Ambas as legislações instituíram e representam ao lado da Lei de Ação Civil Pública (Lei 7.347 de 24 de julho de 1987) um sistema de defesa do consumidor, um sistema de defesa processual civil da sociedade.

Além das legislações referidas, é fato corrente que o Código de Processo Civil de 1973 passou por várias reformas que procuraram criar novos instrumentos e regras procedimentais para dinamizar o processo civil, agilizar e tornar efetivo a prestação jurisdicional do Estado.

Há que se sublinhar que o advento dessas legislações não foi suficiente para amoldar as novas realidades jurídicas. Com efeito, foi preciso também que o aplicador da lei, o jurista e o intérprete fizessem um esforço também condizente com as mudanças operadas. Isso ocorreu a partir de uma interpretação diferenciada do processo civil moderno.

As várias mudanças operadas no Código de Processo Civis de 1973 e no Direito Material (Lei 6.938 - Política Nacional do Meio Ambiente); Lei 8.078 de 11 de setembro de 1.990 (Código de Defesa do Consumidor); (Lei 11.445/2007 - Marco Regulatório do Saneamento Básico e Ambiental), entre outras, se fizeram necessárias para adequar às realidades surgidas e fazer com que elas se incorporassem às denominadas tutelas jurisdicionais diferenciadas.[30]
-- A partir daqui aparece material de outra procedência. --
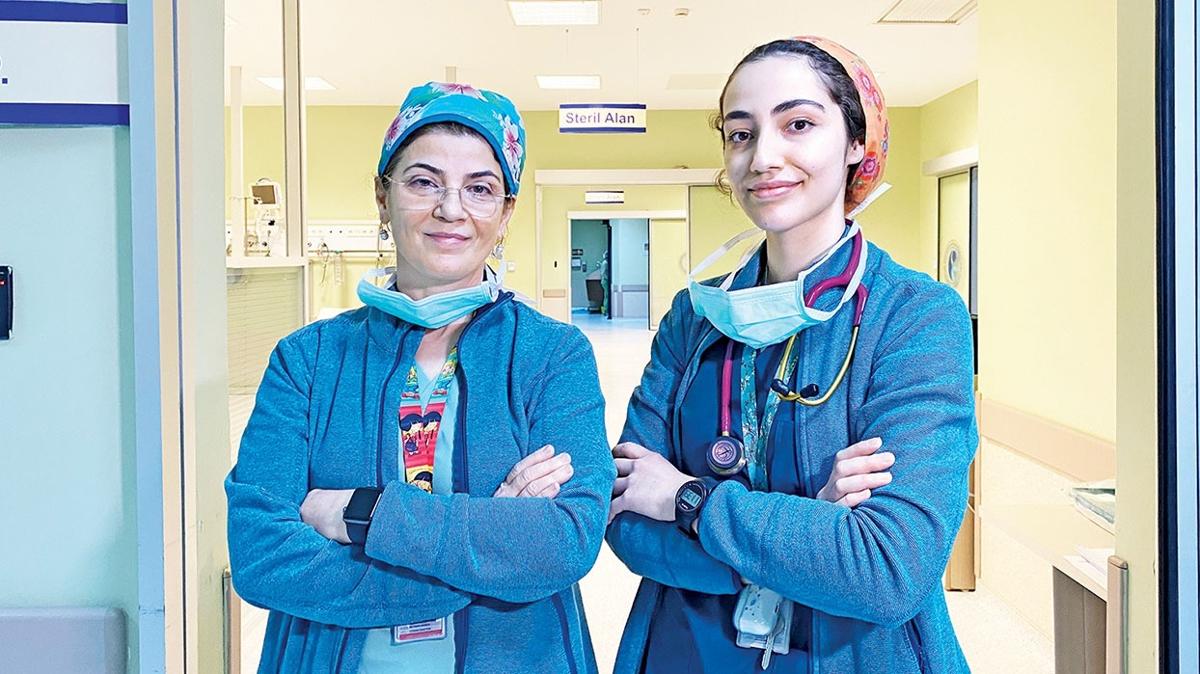 ocukluu hastanede geti! Doktor annesine asistanlk yapyor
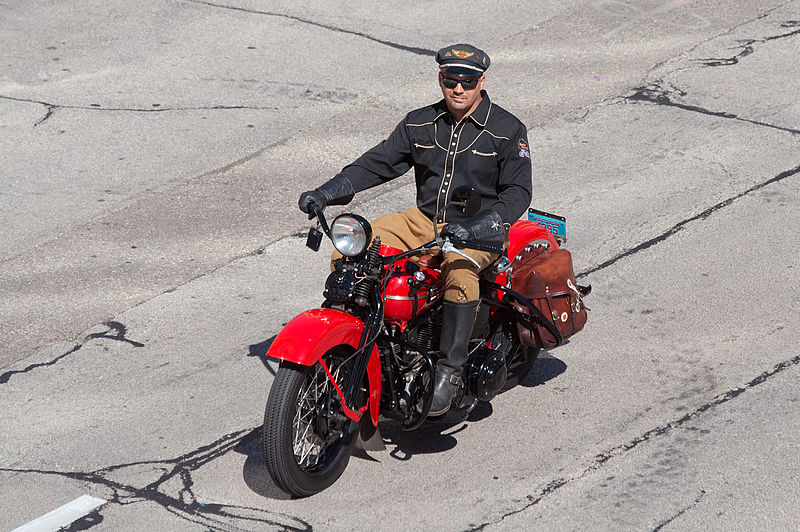 File:Harley-Davidson 2008 Parade Milwaukee Wisconsin 8939.jpg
A isso, colhemos das notas: [26, notas]"De tudo o que foi dito, é importante compreender esse fenômeno também a partir das lições de Kazuo Watanabe, que assevera: “O que aconteceu de mais importante, em razão dessas transformações revolucionárias do processo civil pátrio, foi a facilitação do acesso à Justiça por parte do conflitos individuais, de competência dos Juizados de Pequena Causas, além da abertura de acesso para os interesses difusos e coletivos stricto senso, que constituem o objeto do processo de interesse público”. O advento da Lei dos Juizados de Pequenas Causas (Lei nº 7.244, de 7 de novembro de 1984), anos mais tarde substituída pela Lei dos Juizados Especiais Civis e Criminais (Lei 9.099, de 29 de setembro de 1.995)  representou sem dúvida alguma, um grande potencial de acesso à justiça. Todavia, não raras às vezes, nos deparamos com processos também que demoram sobremaneiramente para se obter à plena satisfação do direito reclamado com a entrega do bem da vida."

Essa questão dos Juizados Especiais faz-se importante porque se há um direito assegurado pelo Estado, esse direito deve ter amparo processual para o respectivo exercício.